We express our deep sorrow to the families still grieving their lost loved ones, including the courageous Tiananmen Mothers, who have never stopped seeking accountability, despite great personal risk. The events of thirty years ago still stir our conscience, and the conscience of freedom-loving people around the world.
The Tiananmen Mothers are an advocacy group composed of the family members of people killed in the crackdown. They have been able to positively identify a few hundred of the dead despite the Communist government’s refusal to provide accurate casualty information.

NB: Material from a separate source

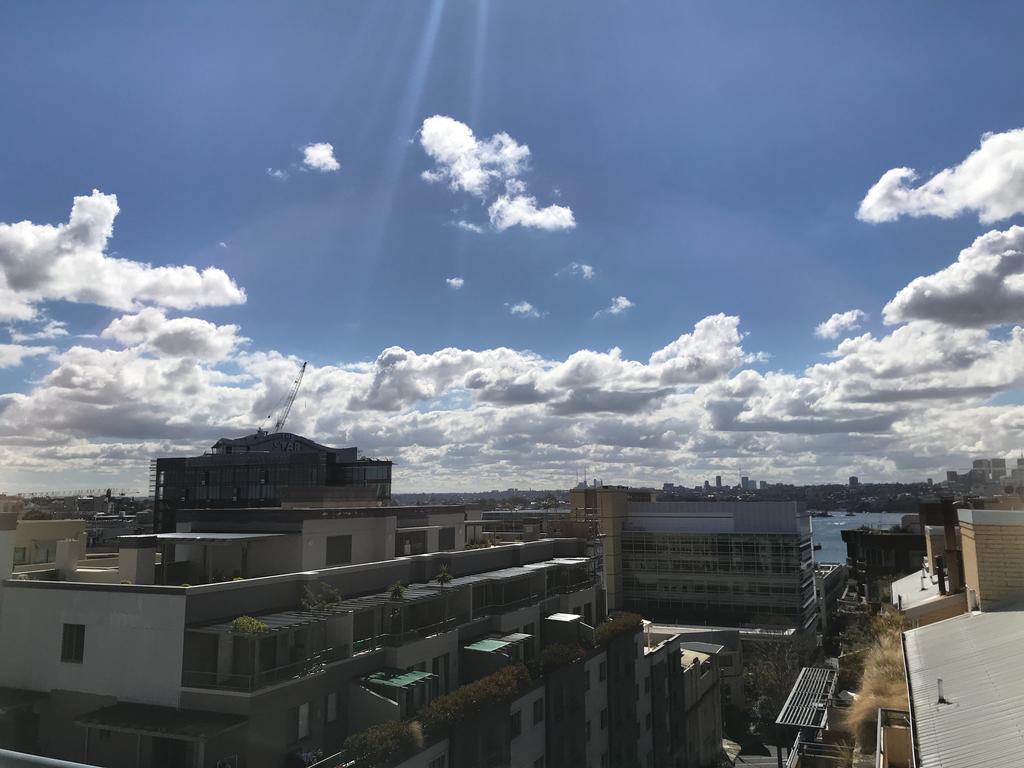 Liv Arena Apartments Darling Harbour Сидней Экстерьер фото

Members of the group are harassed and placed under police surveillance each year when the anniversary of the massacre comes around.
The Tiananmen Mothers wrote an open letter to Chinese Communist Party chief Xi Jinping last year, unsuccessfully urging him to provide “truth, compensation, and accountability” for the 1989 crackdown.
“No one from the successive governments over the past 29 years has ever asked after us, and not one word of apology has been spoken from anyone, as if the massacre that shocked the world never happened,” the group said in its 2018 open letter.
Pompeo said hopes that China would be liberalized through its connection to the Internet and international trade systems have been “dashed”:
China’s one-party state tolerates no dissent and abuses human rights whenever it serves its interests. Today, Chinese citizens have been subjected to a new wave of abuses, especially in Xinjiang, where the Communist Party leadership is methodically attempting to strangle Uighur culture and stamp out the Islamic faith, including through the detention of more than one million members of Muslim minority groups.
Even as the party builds a powerful surveillance state, ordinary Chinese citizens continue to seek to exercise their human rights, organize independent unions, pursue justice through the legal system, and simply express their views, for which many are punished, jailed, and even tortured.
Pompeo’s statement concluded with a call for China to “make a full, public accounting of those killed or missing to give comfort to the many victims of this dark chapter of history.”
He also urged Beijing to “release all those held for seeking to exercise these rights and freedoms, halt the use of arbitrary detention, and reverse counterproductive policies that conflate terrorism with religious and political expression.” The latter was a jab at China’s tendency to justify oppressive policies, such as the hideous re-education camps of Xinjiang, as legitimate and necessary counter-terrorism operations.